Un sistema che funziona alla perfezione, tanto da essere invincibile. Da quindici anni questo è il punto di raccolta di tutti i braccianti africani che lavorano nelle campagne del foggiano. Quando mangiate pomodori o passata in Italia, negli Stati Uniti, in Australia, è quasi certo che siano passati per le mani di Ibrahim e dei suoi amici.
La Direzione distrettuale antimafia ha ricostruito regole e tariffe: chi arriva al ghetto accetta di non guadagnare mai meno di 5 euro per ogni cassone (per un totale di circa 35 euro per 8 ore di lavoro) come invece sono pronti a fare i concorrenti bulgari e romeni. Gli africani, a differenza degli europei, sono sindacalizzati e per questo negli anni sono volate botte, tante. I capi neri (ex “migranti semplici”, ora caporali) stabiliscono chi lavora e per chi. Il ghetto ha poi un suo tariffario: 25 euro per l’ingresso, 20-30 per l’alloggio in baracca, cinque per la ricarica del cellulare, cinque per ciascuno dei pasti che è possibile consumare all’interno di uno dei “ristoranti”. Cinque euro costa anche il trasporto sul luogo di lavoro. Ristoranti, trasporti, sembra tutto normale. Eppure è tutto incredibile: «Una città fantasma, una non città», dice Orlando, camminando per i viali. Ieri, dopo la riunione in Prefettura a Foggia, nella quale ha presentato la nuova legge sul caporalato che dovrebbe essere approvata entro la fine dell’anno, ha voluto fare un blitz nel ghetto, cogliendo di sorpresa tutti, persino le forze di polizia. È il primo uomo dello Stato a osare tanto.

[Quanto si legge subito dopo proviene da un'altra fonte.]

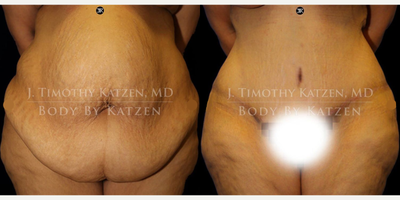 Case 1831 - Woman treated with Tummy Tuck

Ministro, si può tollerare? «È inaccettabile, una non città fatta da lavoratori sfruttati», dice. «Per questo bisogna approvare subito la nuova legge». Michele Emiliano, il governatore, sono mesi che prova a sgomberarlo. Ma è difficile: perché ci vivono in tanti. Perché, quando ci era quasi riuscito, qualcuno ha incendiato metà delle baracche. E poi perché dietro alla città fantasma ruotano tanti, troppi interessi. Per quanto tutto sia al contrario, a Rignano, c’è una legge che scorre sempre nella stessa direzione: a rimetterci sono i migranti, a guadagnarci i caporali (africani), ma soprattutto i produttori. Pochi. Ricchissimi. E tutti italiani.